In view of Biglia's short lifetime (he died at about forty), he must be reckoned an extraordinarily fertile author. Scion of a noble house, Andrea Biglia was born in Milan, probably around or a little before 1394. Concerning his background, little is known, but it has been established that his father’s name was Pietro, that both his parents were buried in the Church of Sant' Eustorgio in Milan, and that he had a sister eight years younger than himself. His blood relative, Giovanni Biglia, rose to the high position of castellan of the castello of Pavia. The political affiliation of the Biglia family was to the Guelf party.
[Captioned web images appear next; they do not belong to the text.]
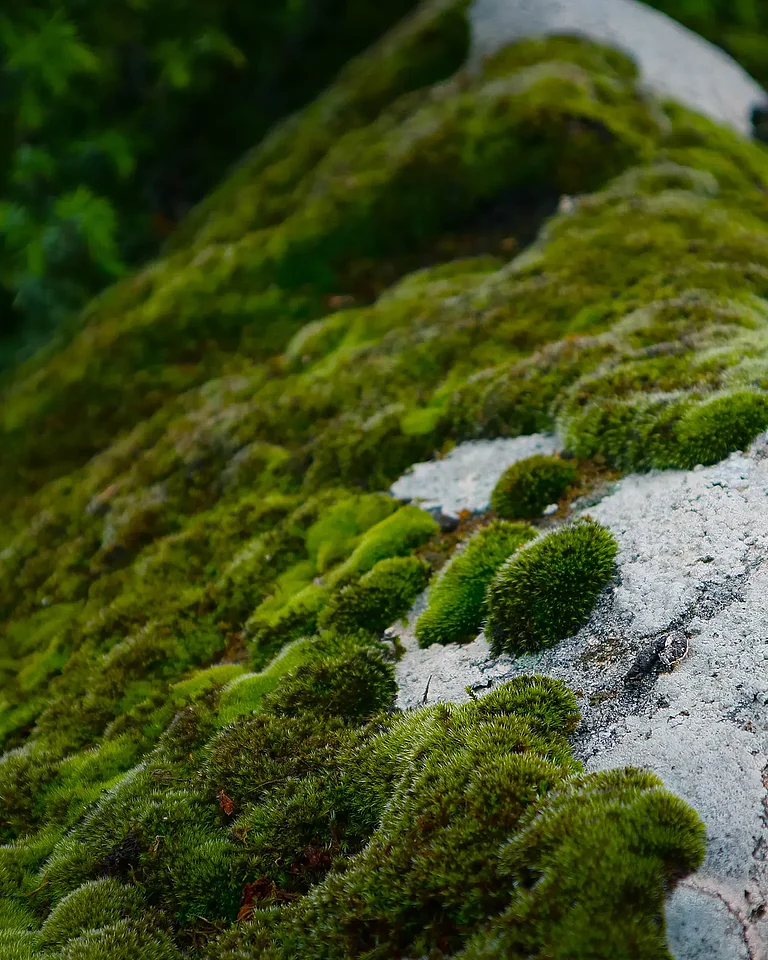 Moss and rock as natural carbon dioxide reservoirs.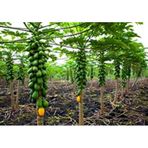 Tropikal Papaya Ağacı Tohumu 3 Tohum + Süpriz Hediye Tohum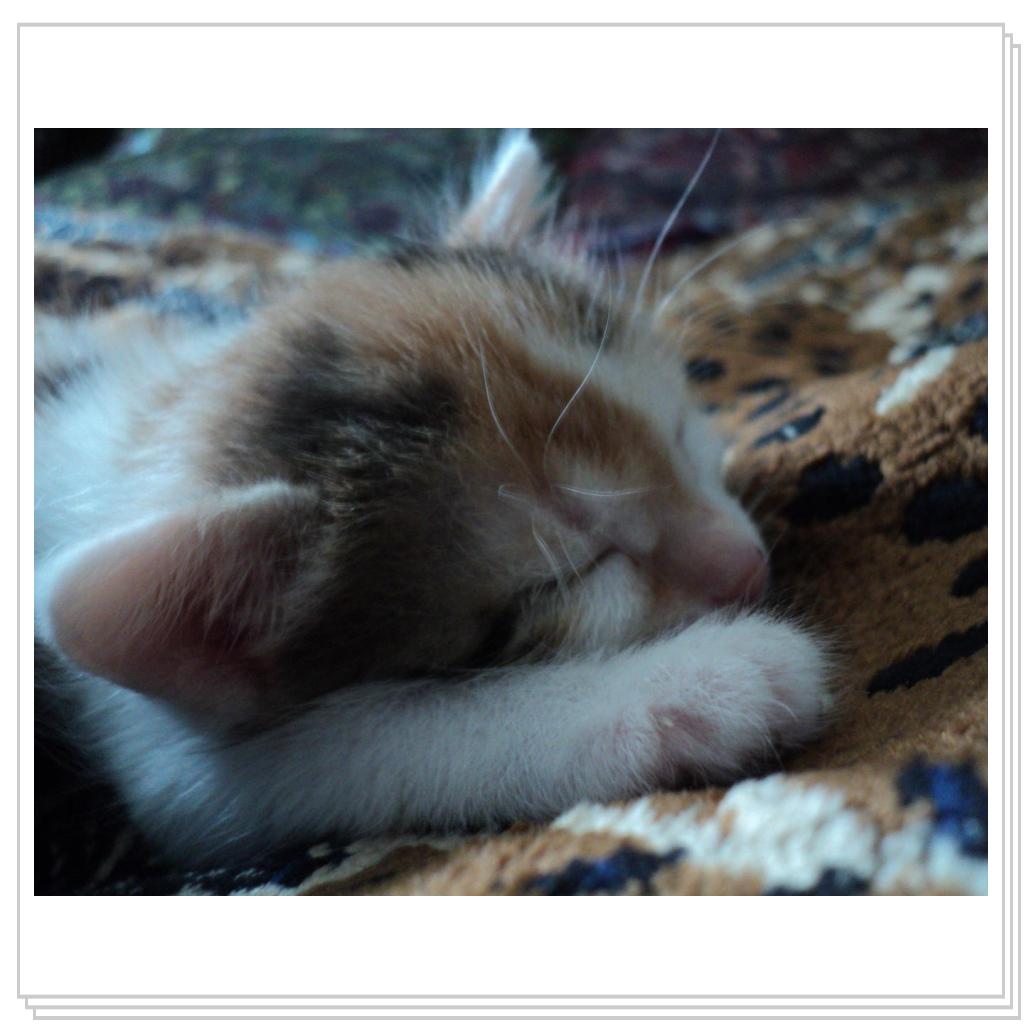 Сладкий сон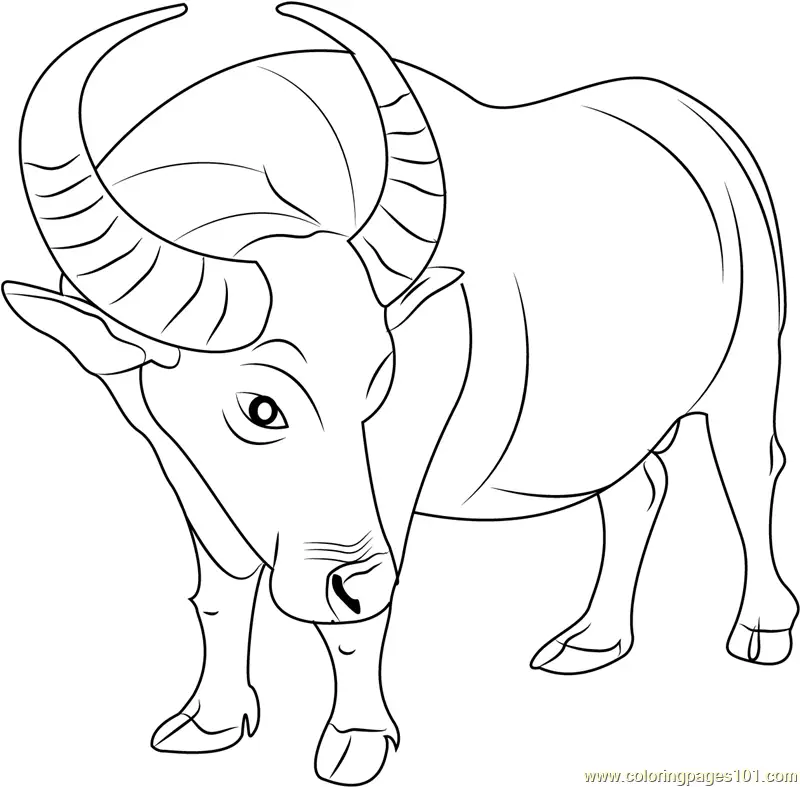 Buffalo Coloring Pages 9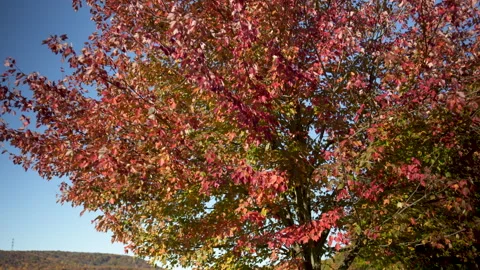 Push in to Beautiful Fall Colored Tree. 4K ProesHQ Stock Footage 245310543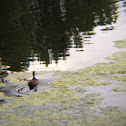 Wood Duck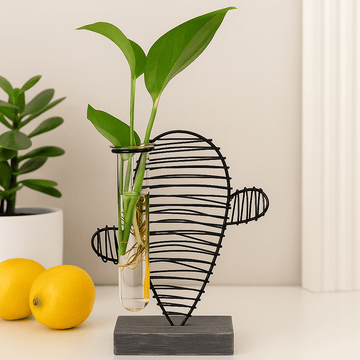 Hydroponisk Plante Reagensglas Bordvase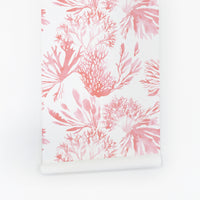 Elegant coral removable wallpaper by Livettes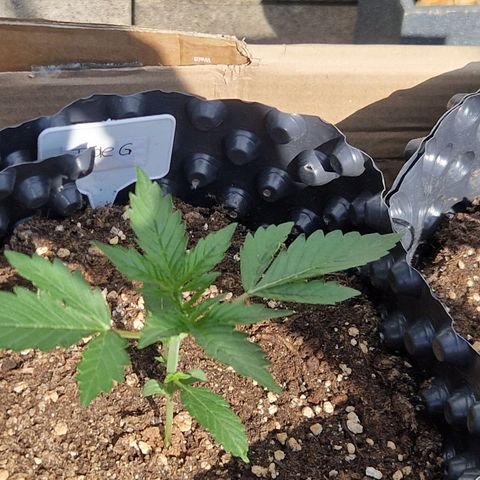 3G growlog photo: 5h Outdoorsonne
The family's commercial concern was metalworking, in which they enjoyed a monopoly throughout Italy. The family coat of arms, which Andrea had emblazoned on at least two, still extant, manuscripts of his own works, displays three gold bandlets on a blue field with B majuscule in its sinister portion. Gian Galeazzo, the first Duke of Milan, died in 1402. In the ensuing political turmoil that shook northern Italy generally and the Duchy of Milan in particular, the family Biglia, with their monopoly in metalworking, could hardly avoid involvement, for the forging of weapons and the casting of cannon are, after all, of the metal artificer's craft. And though still a boy, Andrea was himself pressed into the war effort, having to count levies in the treasury.
It was from this political strife that Andrea Biglia removed himself in 1412 to the tranquillity of the cloister. He took the habit of the Order of Saint Augustine in the Monastery of San Marco in Milan, which belonged to the Augustinian Province of Lombardy. His year of novitiate probably spent in this same house, he was sent to study philosophy in the Augustinian studium generale at Padua. But he must have finished his studies there by the summer of 1418, because in September of that year Biglia was at the university in Florence, where, holding the degree of lector, he taught moral philosophy, poetics and rhetoric for four successive academic years, from September 1419, to June 1423.
It was probably during his stay in Florence that he was ordained to the presbyterate. An entry in the registers of Agostino Favaroni da Roma, Prior General of the Augustinian Order, dated 29 November 1423 stated that Biglia, a baccalaureus at the university of Florence, had begun to lecture there on the Sentences of Peter Lombard. The Prior General gave him permission to leave Florence and to go either to the university of Bologna or at that of Padua until his promotion to the degree of magister (today called a doctorate) of theology. Biglia chose the University of Bologna. There, probably in 1425, Biglia achieved the degree of magister with great success, and then became a member of the faculty there.
Just as at Padua Biglia had come to know the intellectuals, Gaspafirro Barzizza, Raffaele Fulgosi, and Paolo Veneto (Nicoletti), and the future humanists, Vittorino da Feltre, Francesco Filelfo, Antonio Raudense, Pier Candido, and Sicco Polenton, and similarly at Florence he had made the acquaintance of the scholars, Niccolo Niccoli, Leonardo Bruni, and Ambrogio Traversari, so too at Bologna he met the future greats and near greats, Giovanni Lamila, Giovanni Toscabella, Leon Battista Alberti, Antonio Panormita, Giovanni Aurispa, Francesco Filelfo, Alberto da Sartiano, and Tommaso Parentuccelli, this last being the future Pope Nicholas V.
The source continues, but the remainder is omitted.